**Required action:**
Pictures are not part of the answer. Write out exactly the lines from the one containing "Black History Month" through the end of the material below.

**Available records:**
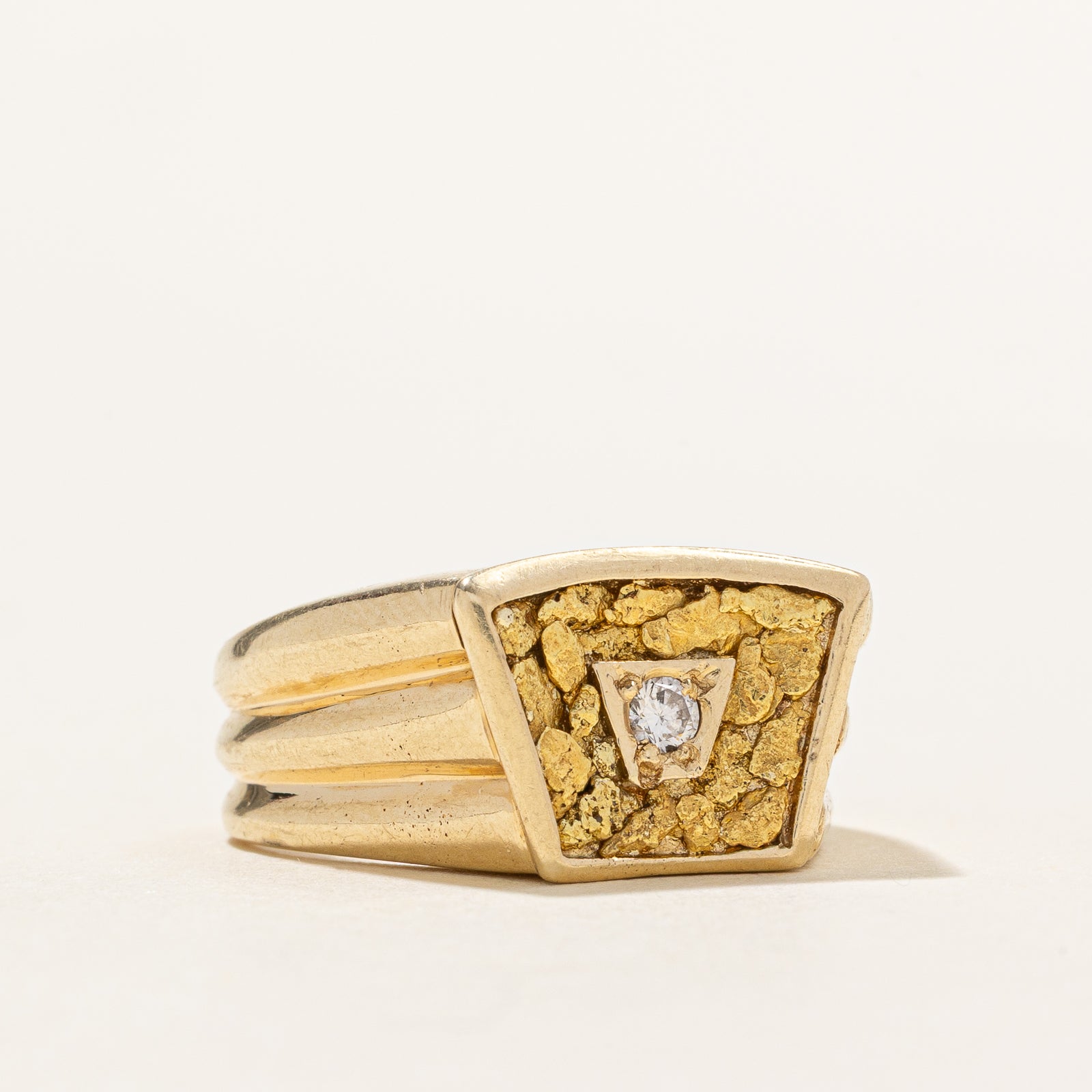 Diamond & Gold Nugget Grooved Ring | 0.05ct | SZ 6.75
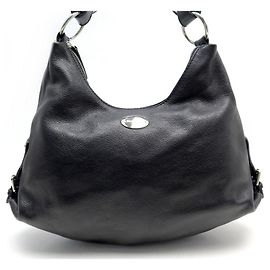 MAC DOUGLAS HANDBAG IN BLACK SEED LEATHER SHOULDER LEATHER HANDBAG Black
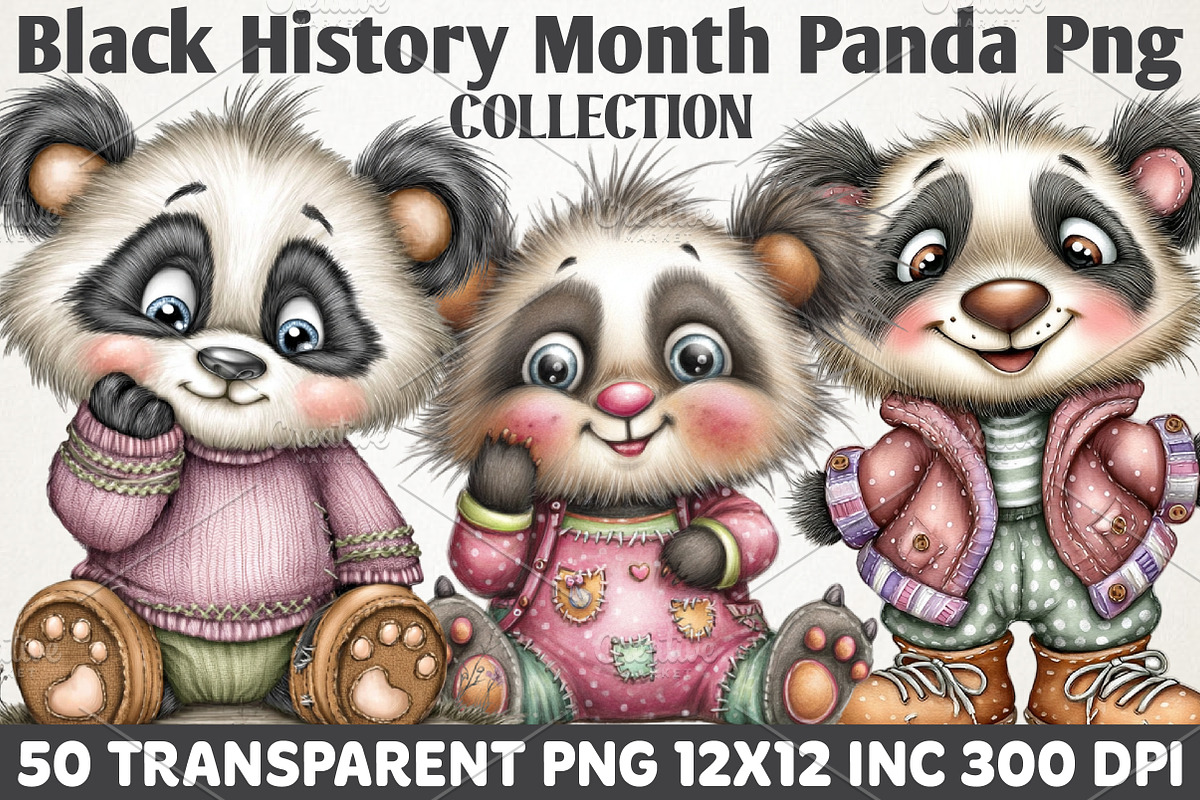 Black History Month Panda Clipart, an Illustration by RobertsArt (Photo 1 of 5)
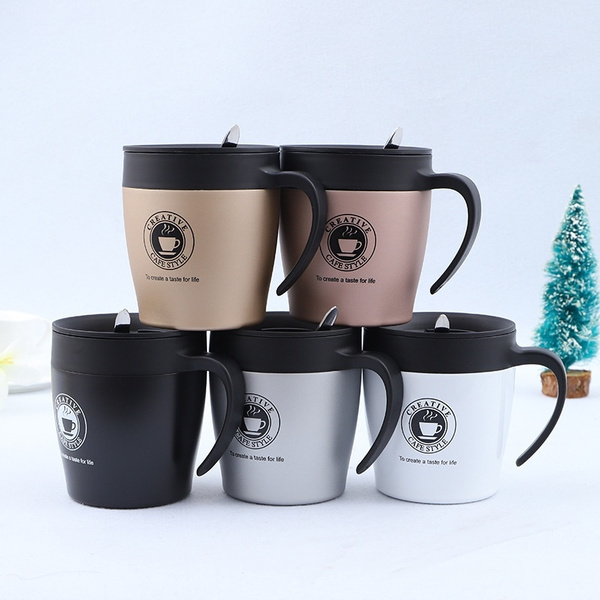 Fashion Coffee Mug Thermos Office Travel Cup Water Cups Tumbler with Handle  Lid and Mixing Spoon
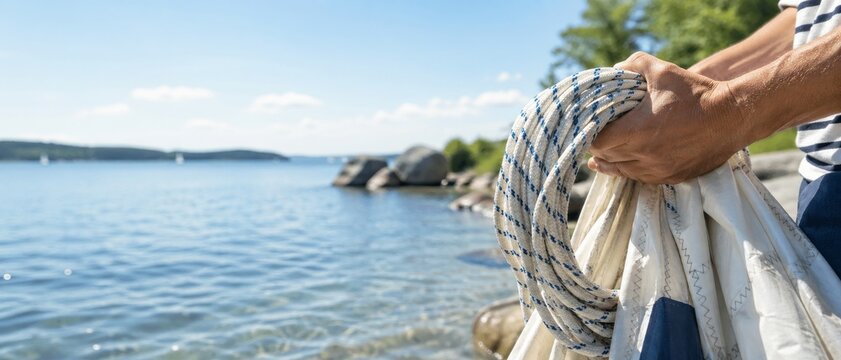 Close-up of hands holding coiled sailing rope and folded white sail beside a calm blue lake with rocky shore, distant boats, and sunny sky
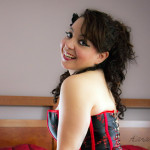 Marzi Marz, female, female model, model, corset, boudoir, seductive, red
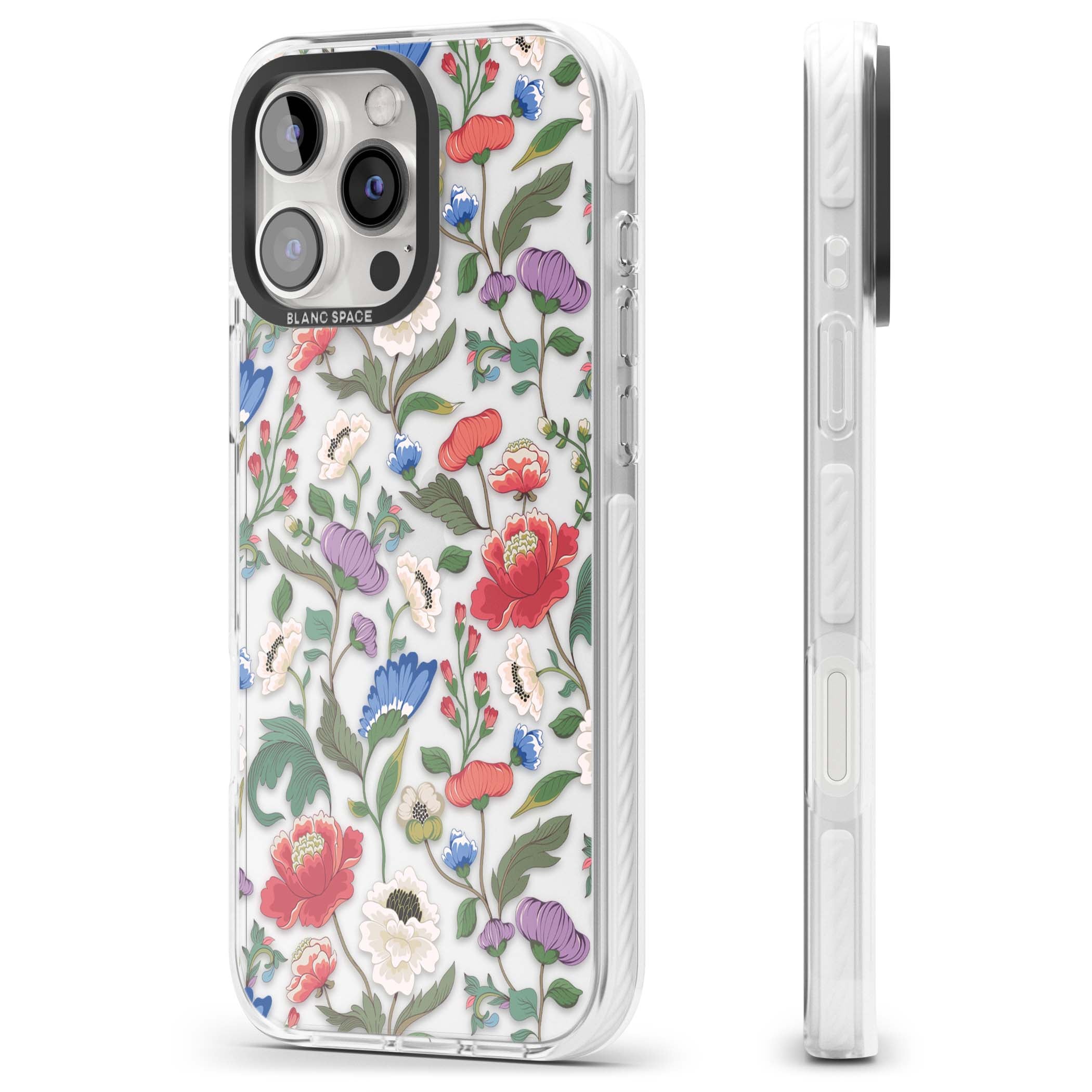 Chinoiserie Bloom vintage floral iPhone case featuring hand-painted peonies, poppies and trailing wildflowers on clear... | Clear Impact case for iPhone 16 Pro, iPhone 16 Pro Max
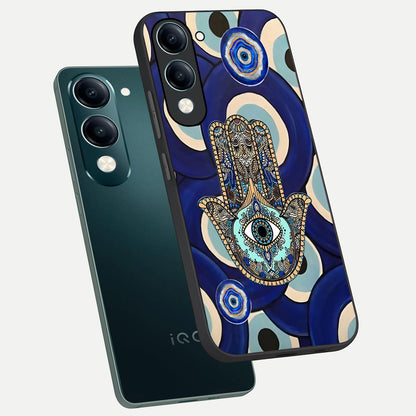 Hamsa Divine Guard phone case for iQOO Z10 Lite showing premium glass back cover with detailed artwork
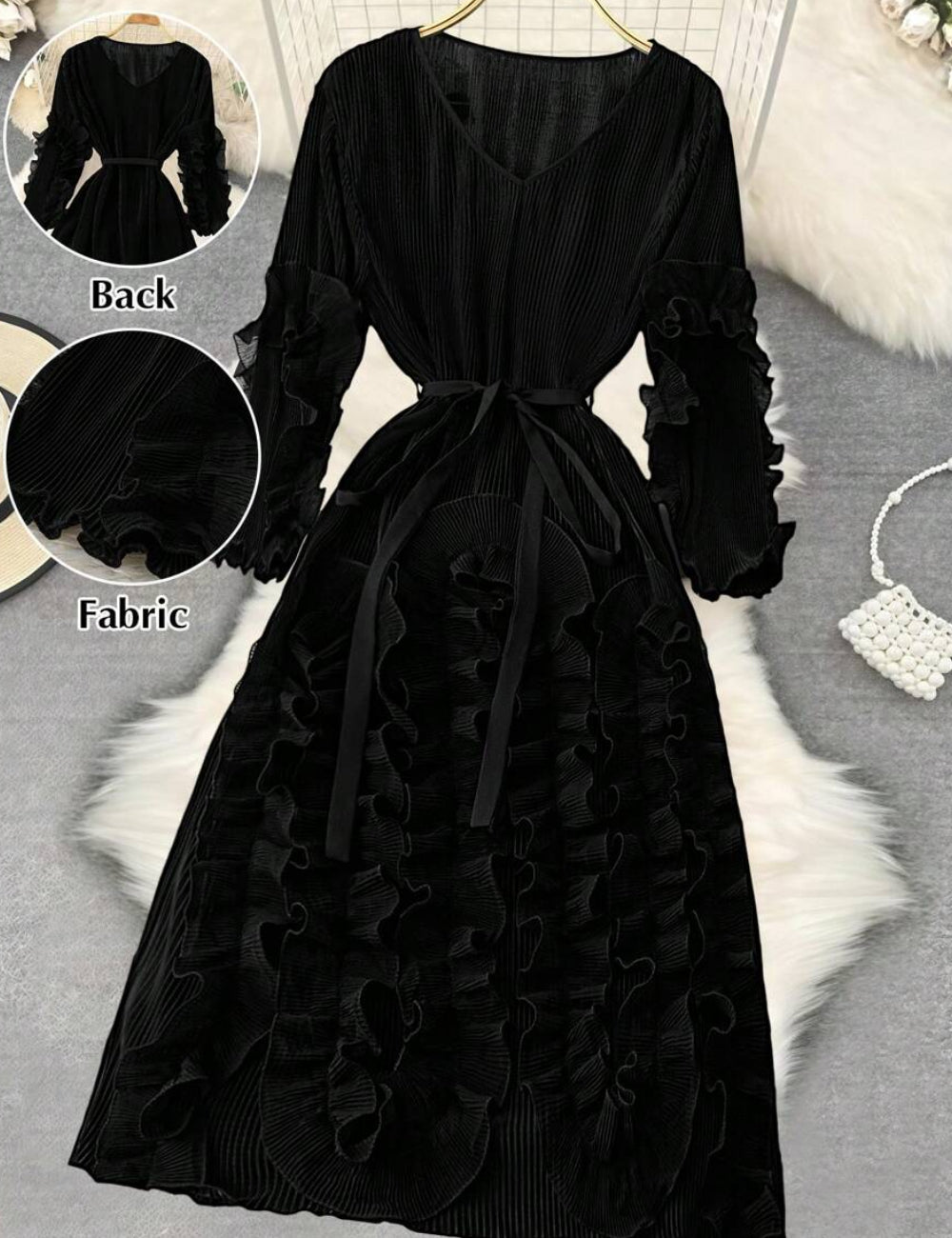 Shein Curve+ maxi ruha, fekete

**Result below:**
 Black History Month Panda Clipart, an Illustration by RobertsArt (Photo 1 of 5)
 Fashion Coffee Mug Thermos Office Travel Cup Water Cups Tumbler with Handle  Lid and Mixing Spoon
 Close-up of hands holding coiled sailing rope and folded white sail beside a calm blue lake with rocky shore, distant boats, and sunny sky
 Marzi Marz, female, female model, model, corset, boudoir, seductive, red
 Chinoiserie Bloom vintage floral iPhone case featuring hand-painted peonies, poppies and trailing wildflowers on clear... | Clear Impact case for iPhone 16 Pro, iPhone 16 Pro Max
 Hamsa Divine Guard phone case for iQOO Z10 Lite showing premium glass back cover with detailed artwork
 Shein Curve+ maxi ruha, fekete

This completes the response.